Economists divided on further BSP rate cuts amid geopolitical risks
By Derco Rosal
While private-sector economists project further cuts by year-end, the escalating tensions between Israel and Iran have posed challenges for the Bangko Sentral ng Pilipinas (BSP) in its future policy stance, given the lingering threats to inflation and the peso.
Bank of the Philippine Islands (BPI) lead economist Emilio Neri said in a commentary published on Friday, June 20, that the “conflict in the Middle East has made further easing more difficult, as higher oil prices add pressure to inflation and the peso.”
Neri believes “another rate cut this year remains possible given the recent statements from the BSP,” but if the tit-for-tat attacks between Israel and Iran “escalated further, it could even prevent the BSP from cutting rates further.”
Meanwhile, Nomura Asia economists Euben Paracuelles and Nabila Amani maintained their projection that the central bank will deliver a cumulative of 50 basis points (bps), which would bring the key interest cost down to 4.75 percent from the latest 5.25 percent.

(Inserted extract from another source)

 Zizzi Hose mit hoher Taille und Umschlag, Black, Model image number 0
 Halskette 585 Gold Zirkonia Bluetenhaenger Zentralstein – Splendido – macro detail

Paracuelles and Amani said they took note of the BSP’s “dovish tone” when it announced a quarter-point cut during the policy-setting Monetary Board’s (MB) third policy meeting on June 19.
“The main risk to our view is the timing of these next cuts. An escalation in the Middle East conflict that is accompanied by further increases in oil prices could keep BSP from cutting and instead prompt it to leave the policy rate unchanged in the near term,” Paracuelles and Amani said.
They noted that the BSP is “an inflation targeting central bank, so the inflation outlook is the number one consideration.”
BSP Governor Eli M. Remolona Jr. earlier stated that a favorable outlook for movements in consumer goods prices drove the continued easing by the Monetary Board (MB). May’s 1.3-percent headline inflation rate, the latest data available, was the lowest in nearly six years, or since late 2019.
As such, the BSP has revised its inflation forecast for 2025 to 1.6 percent from 2.4 percent previously. But it also raised its forecasts for 2026 to 3.4 percent from 3.3 percent, and for 2027 to 3.3 percent from 3.2 percent.
Paracuelles and Amani have a slightly higher inflation forecast for 2025 than the BSP’s 1.6-percent projection.
“We would argue that, because the starting point is relatively low (pertaining to May’s rate), any impact from the recent increase in oil prices, barring another surge that is eventually sustained, will still likely be insufficient to drive inflation up to within BSP’s two- to four-percent target,” Paracuelles and Amani said.
While Germany-based Deutsche Bank also believes annual price hike rates will likely stay within the lower end of the target, it projected only one cut at 25 bps.
Based on the BSP’s lower inflation forecast for 2025, a terminal rate of five percent would keep the real interest rate high at 3.4 percent, said Sanjay Mathur and Arindam Chakraborty, chief economist and economist, respectively, for Southeast Asia and India at Australian banking giant ANZ.
As a result, Mathur and Chakraborty expect the BSP to trim rates by 25 bps twice — once in the third quarter and again in the fourth quarter of 2025 — bringing the terminal rate down to 4.75 percent. BSP earlier said two more reductions might or might not be possible depending on the upcoming economic data. Only one quarter-point cut could be expected “if things remain on track.”
Looking through the first quarter of 2026, Citi sees a total of 75-bp cut, but it stressed the risk scenarios “where either the timing or depth of our last two expected cuts could change.”
Citi does not expect a serious oil supply disruption that would add to the $10–$15 per barrel risk premium already priced into Brent crude — which was around $75 per barrel when that premium was calculated. As such, Citi keeps its base-case policy rate forecast “unchanged for now.”